● Assignment
Keep the lines exact and the pictures out as you repeat the following listing.
++++ Data records
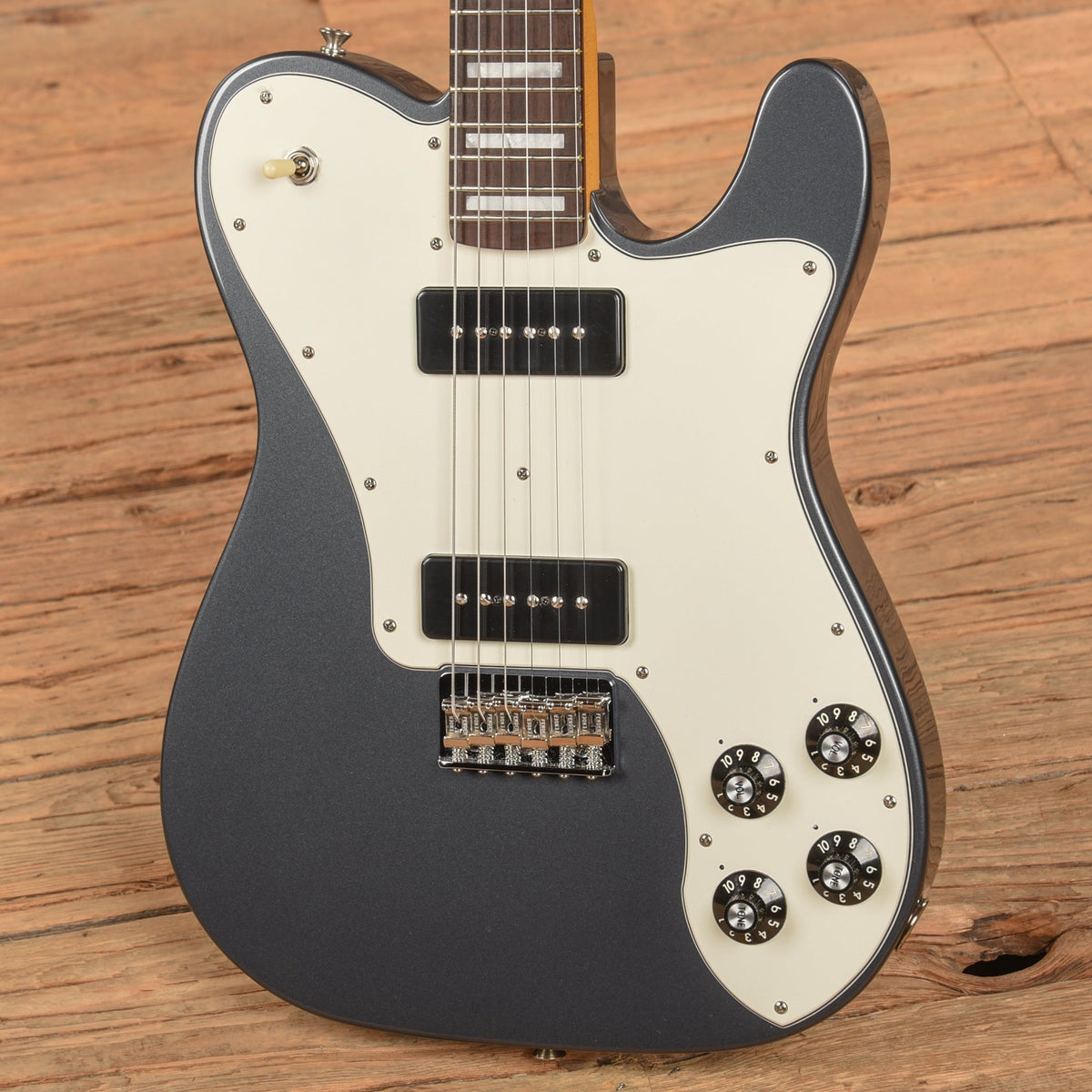 Fender Chris Shiflett Cleaver Signature Telecaster Deluxe Charcoal Frost Metallic 2024 - View 2 | MusicMarket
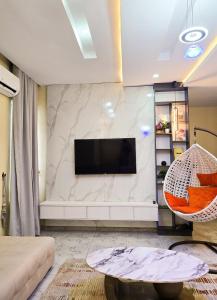 Televisyen dan/atau pusat hiburan di 4 bed duplex in prime location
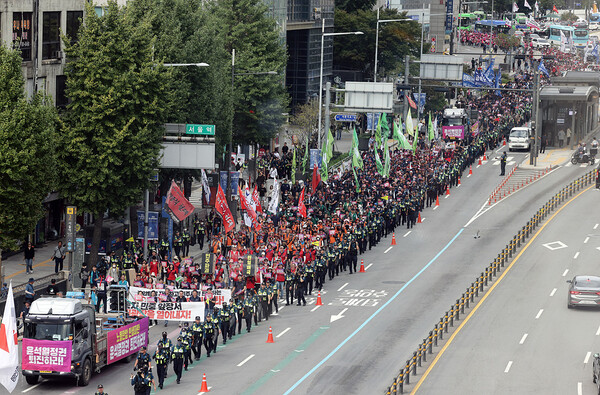 지난 28일 서울 숭례문 앞에서 열린 '퇴진광장을 열자! 9.28 윤석열정권 퇴진 시국대회'에서 1만여명의 시민들이 용산 대통령실을 향해 행진하고 있다. 한승호 기자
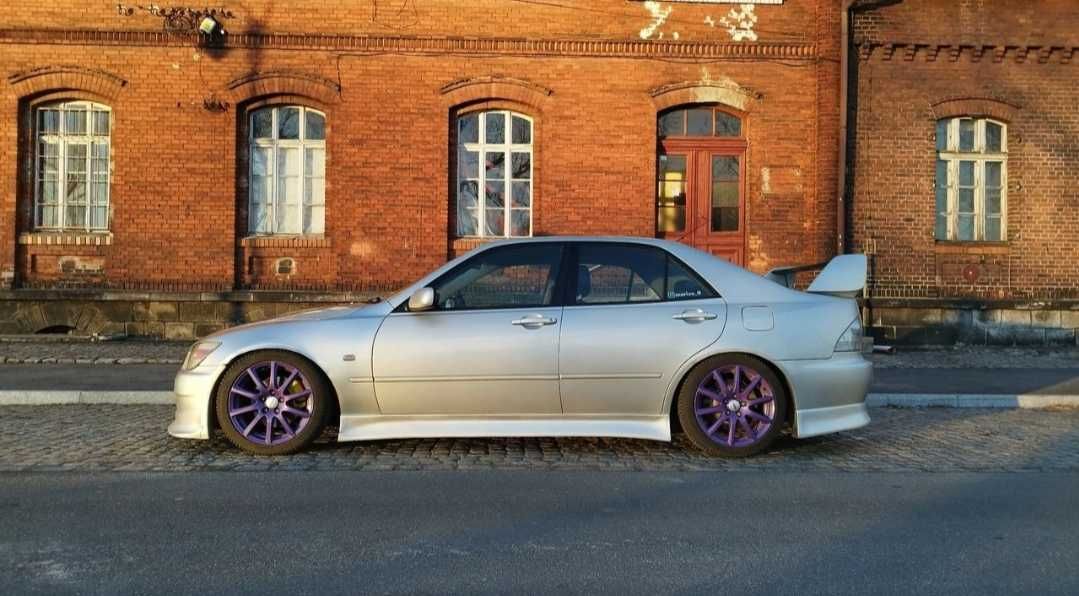 Lexus IS200  2000r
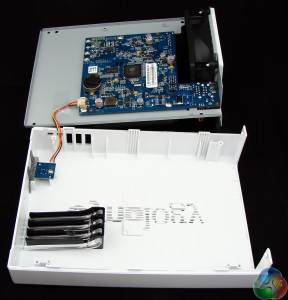 4 Synology DS214SE DSC01226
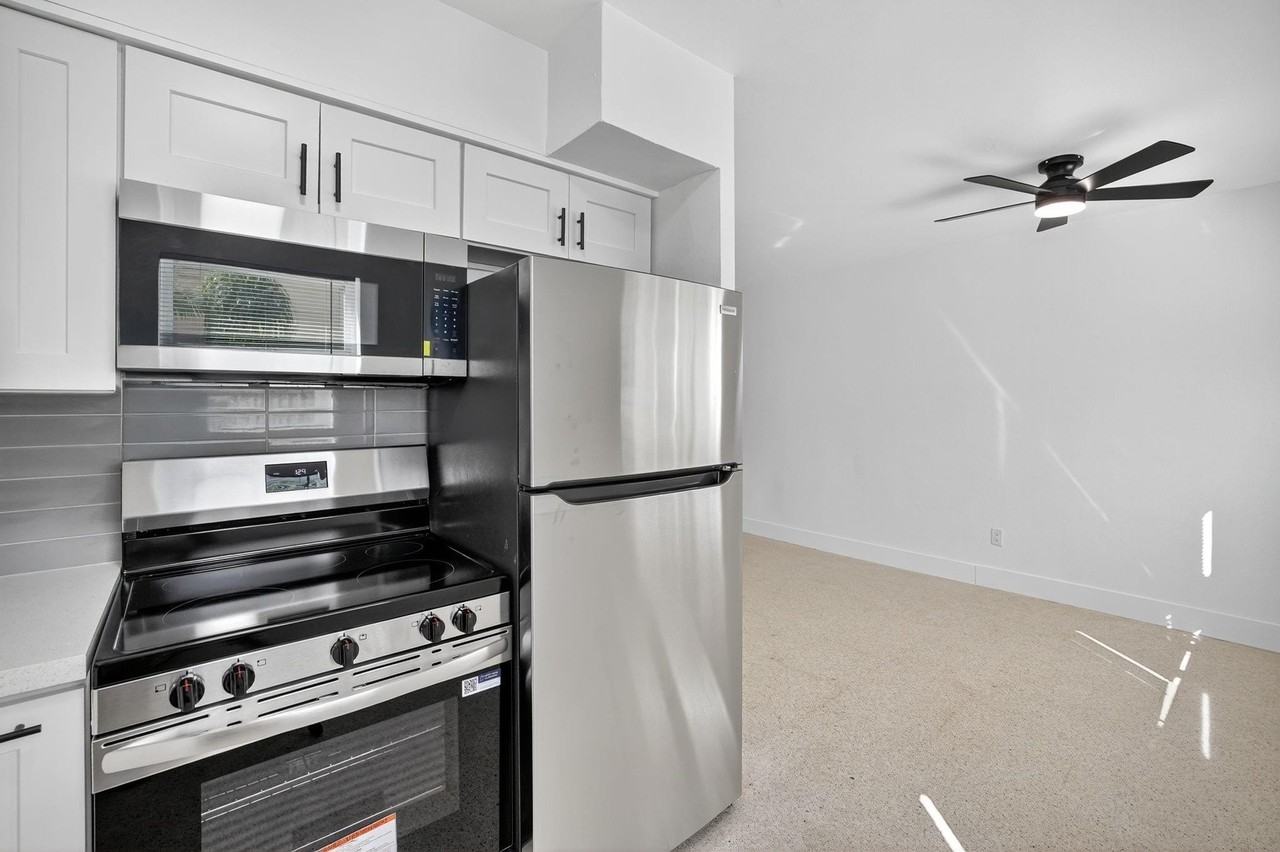1821 Middle River Dr #1 - Photo 2 of 48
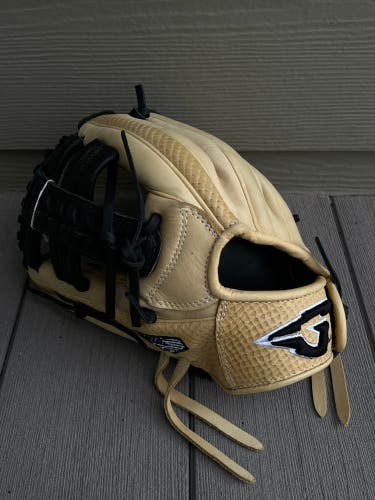 Goin Yard  Left Hand Throw 12" Pro series Baseball Glove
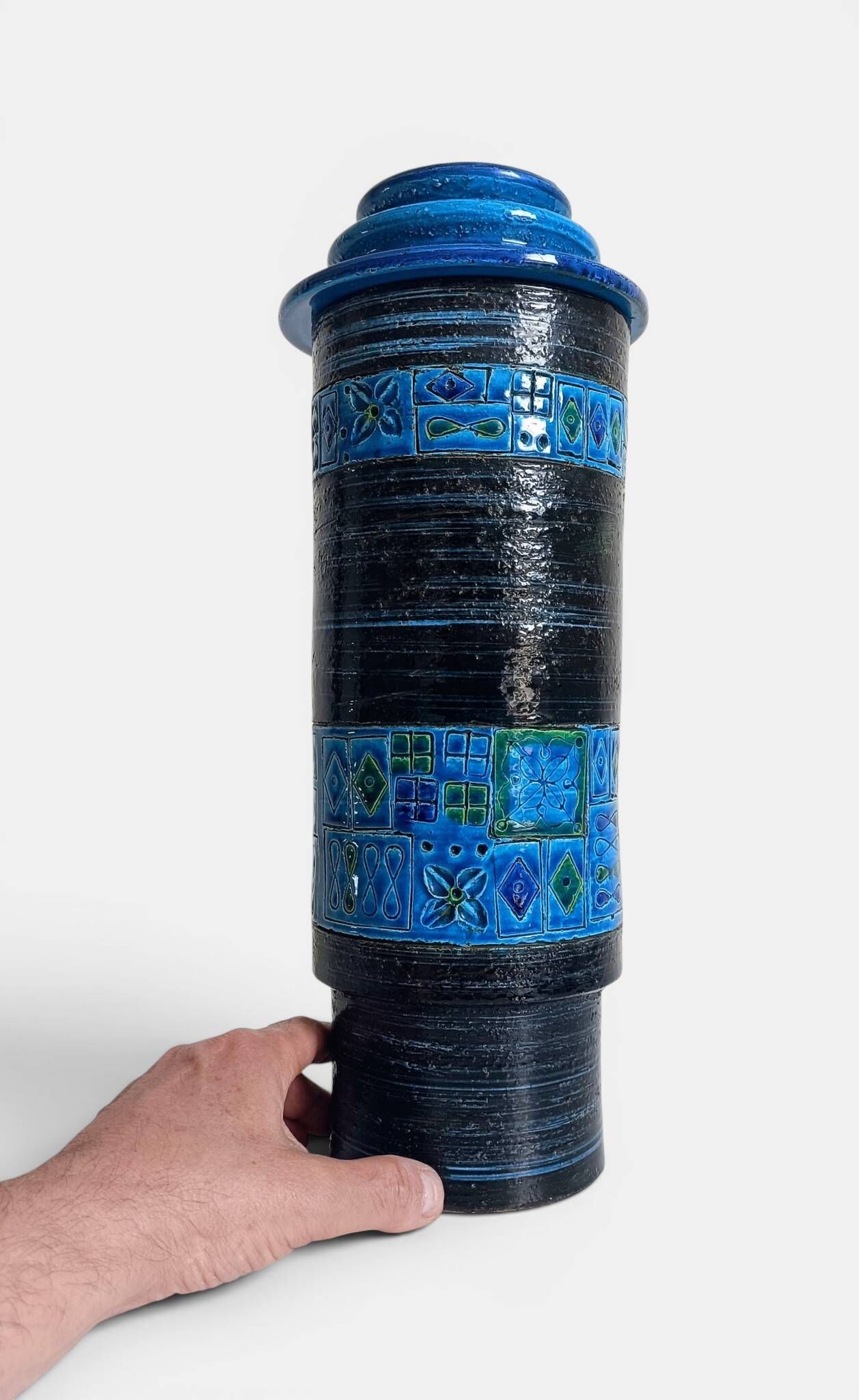 Bitossi by Aldo Londi Lidded XL Chamotte Vase, Handcrafted in Italy, C. 19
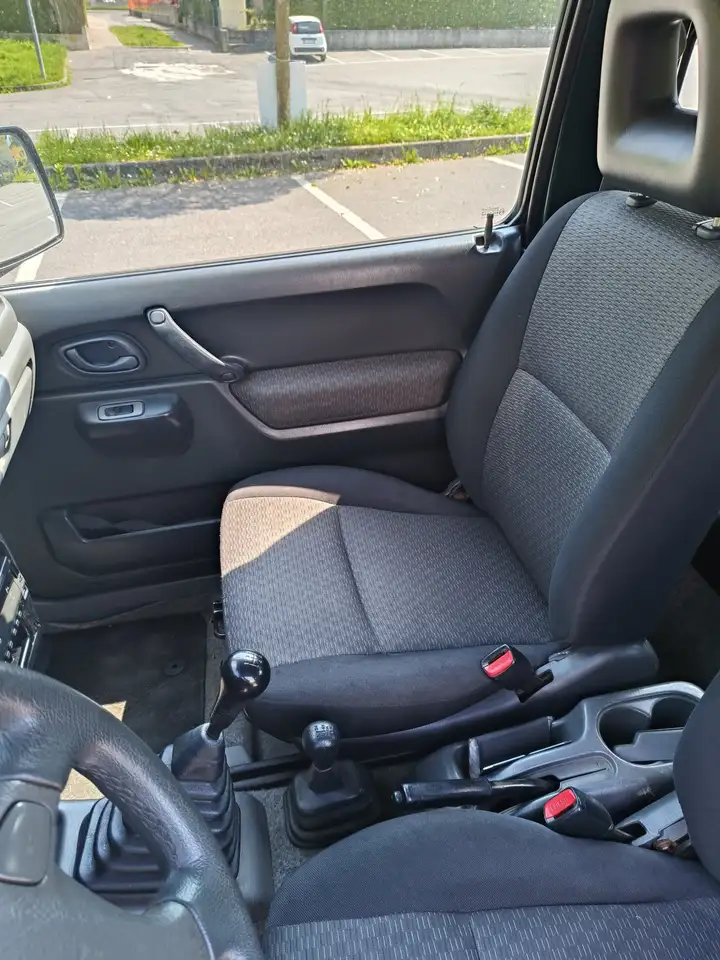 Suzuki Jimny 1,3 benzina, foto 1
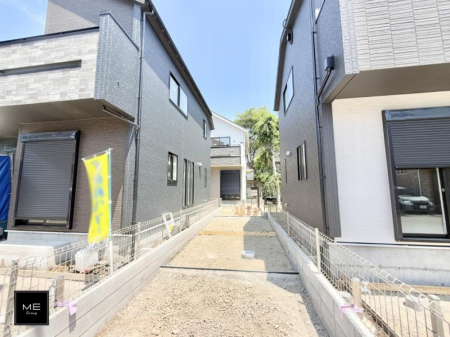 現地外観写真 外観■家族みんなが笑顔で過ごせる、安心感のある住まい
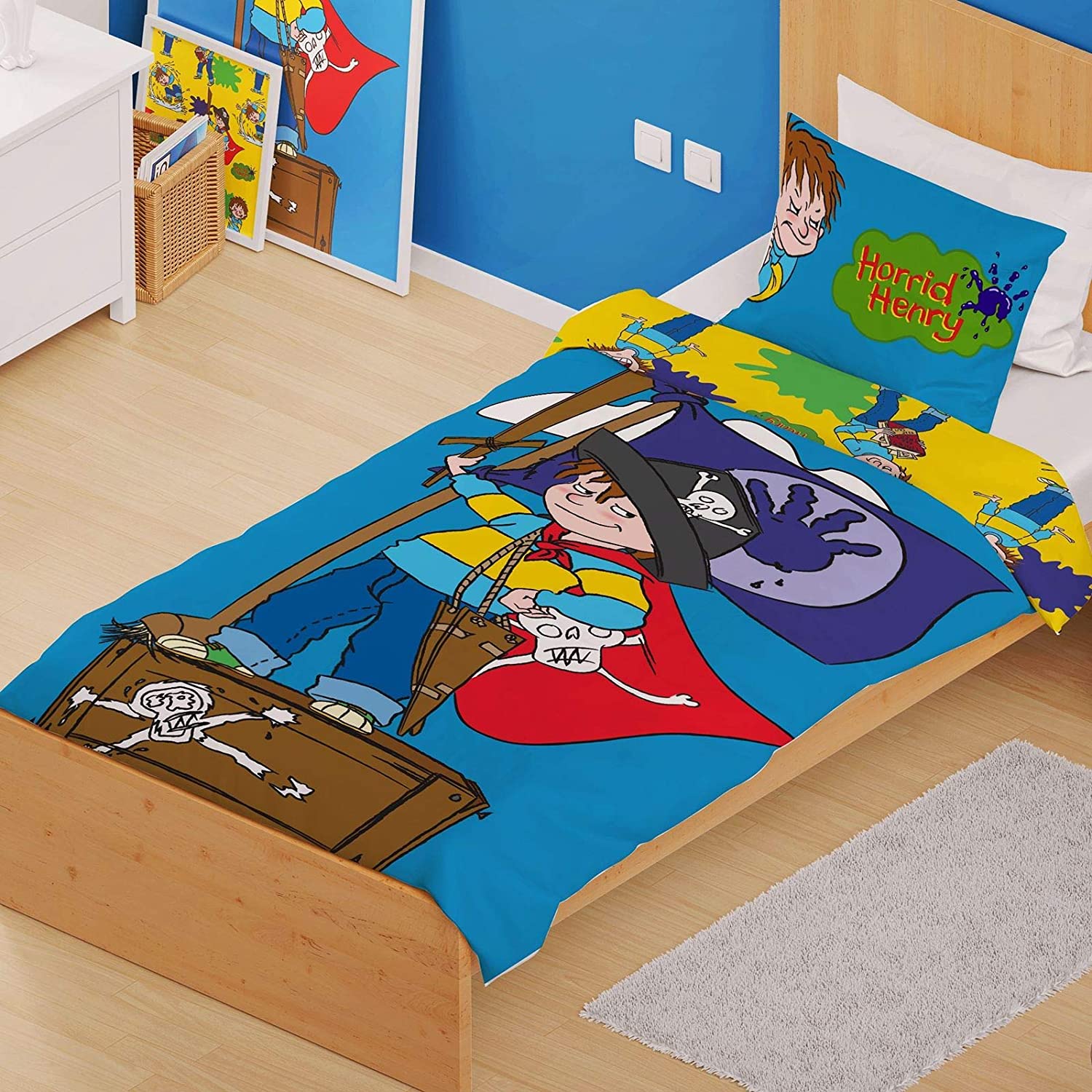 200 x Horrid Henry Reversible Single bed Linen sets
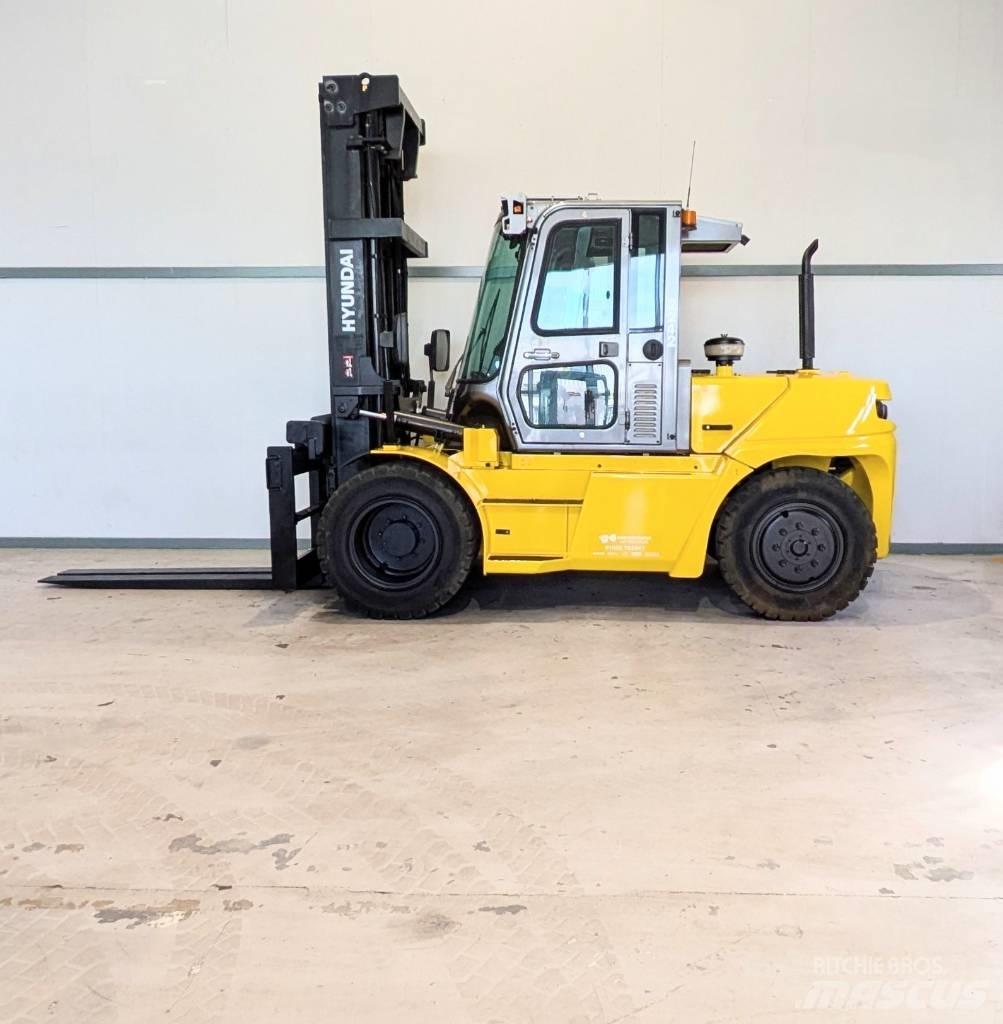 Hyundai 80 D-9 Dízel targoncák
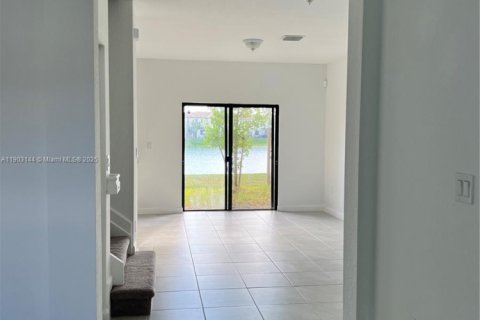 Townhouse in Miami, Florida 3 bedrooms, 124.02 sq.m. № 2052809 - photo 3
++++++++
● Exercise solution
 Fender Chris Shiflett Cleaver Signature Telecaster Deluxe Charcoal Frost Metallic 2024 - View 2 | MusicMarket
 Televisyen dan/atau pusat hiburan di 4 bed duplex in prime location
 지난 28일 서울 숭례문 앞에서 열린 '퇴진광장을 열자! 9.28 윤석열정권 퇴진 시국대회'에서 1만여명의 시민들이 용산 대통령실을 향해 행진하고 있다. 한승호 기자
 Lexus IS200  2000r
 4 Synology DS214SE DSC01226
1821 Middle River Dr #1 - Photo 2 of 48
 Goin Yard  Left Hand Throw 12" Pro series Baseball Glove
 Bitossi by Aldo Londi Lidded XL Chamotte Vase, Handcrafted in Italy, C. 19
 Suzuki Jimny 1,3 benzina, foto 1
 現地外観写真 外観■家族みんなが笑顔で過ごせる、安心感のある住まい
 200 x Horrid Henry Reversible Single bed Linen sets
 Hyundai 80 D-9 Dízel targoncák
 Townhouse in Miami, Florida 3 bedrooms, 124.02 sq.m. № 2052809 - photo 3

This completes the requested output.